The following facts are valid:
Fact 1. There exists a sigma-finite Borel measure in $\ell_2$ which is invariant under the group of all eventually zero sequences and takes the value $1$ on the Hilbert cube $\prod_{k \in N}[0,\frac{1}{k}]$.
The proof of Fact 1 can be found in [Kharazishvili A.B., On invariant measures in the Hilbert space.Bull. Acad. Sci.Georgian SSR, 114(1) (1984),41--48 (in Russian)].
Fact 2. There exists a translation-invariant Borel measure $\mu$ in $\ell_2$ which takes the value $1$ on the Hilbert cube $\prod_{k \in N}[0,\frac{1}{k}]$.
The proof of Fact 2 can be obtained by Baker measure $\lambda$ [Baker R., ``Lebesgue measure" on $\mathbb{R}^{ \infty}$. II. \textit{Proc. Amer. Math.
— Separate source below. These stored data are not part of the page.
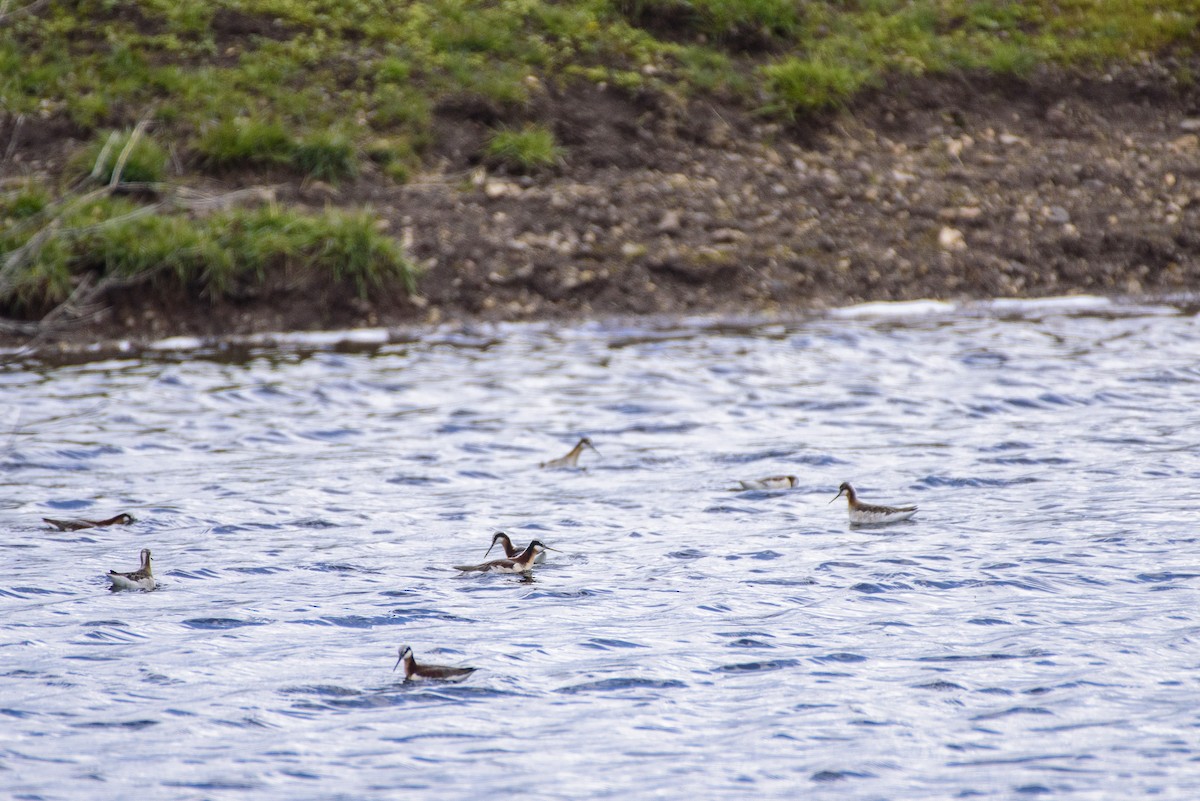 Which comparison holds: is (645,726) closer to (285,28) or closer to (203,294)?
(203,294)

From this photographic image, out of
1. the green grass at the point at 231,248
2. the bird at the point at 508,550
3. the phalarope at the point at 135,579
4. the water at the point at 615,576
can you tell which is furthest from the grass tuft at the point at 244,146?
the phalarope at the point at 135,579

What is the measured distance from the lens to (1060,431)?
13203 mm

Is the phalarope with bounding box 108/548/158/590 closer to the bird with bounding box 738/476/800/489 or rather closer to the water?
the water

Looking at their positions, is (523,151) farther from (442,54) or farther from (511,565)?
(511,565)

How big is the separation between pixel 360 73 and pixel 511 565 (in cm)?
1413

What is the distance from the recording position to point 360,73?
21953 millimetres

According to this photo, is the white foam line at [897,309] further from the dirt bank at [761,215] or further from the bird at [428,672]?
the bird at [428,672]

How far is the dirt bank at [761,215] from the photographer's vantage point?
18.7m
Soc.} vol. 132, no. 9, 2003, pp. 2577--2591] as follows:
Let $T:\ell_2 \to \mathbb{R}^{ \infty}$ be defined by $T((x_k)_{k \in N})=(k x_k)_{k \in N}$ for $(x_k)_{k \in N} \in \ell_2$. For each Borel subset $X \subseteq \ell_2$ we set $\mu(X)=\lambda(T(X))$. Then $\mu$ satisfies all conditions of Fact 2.
Some authors take local compactness of the space to be part of the definition of Borel measure, so that leaves out infinite-dimensional Hilbert spaces right away. I think the Mackey-Weil result is talking about $\sigma$-finite measures. If you don't require that, you might consider $r$-dimensional Hausdorff measure for any nonnegative real $r$. These are translation-invariant measures, and all Borel sets are measurable.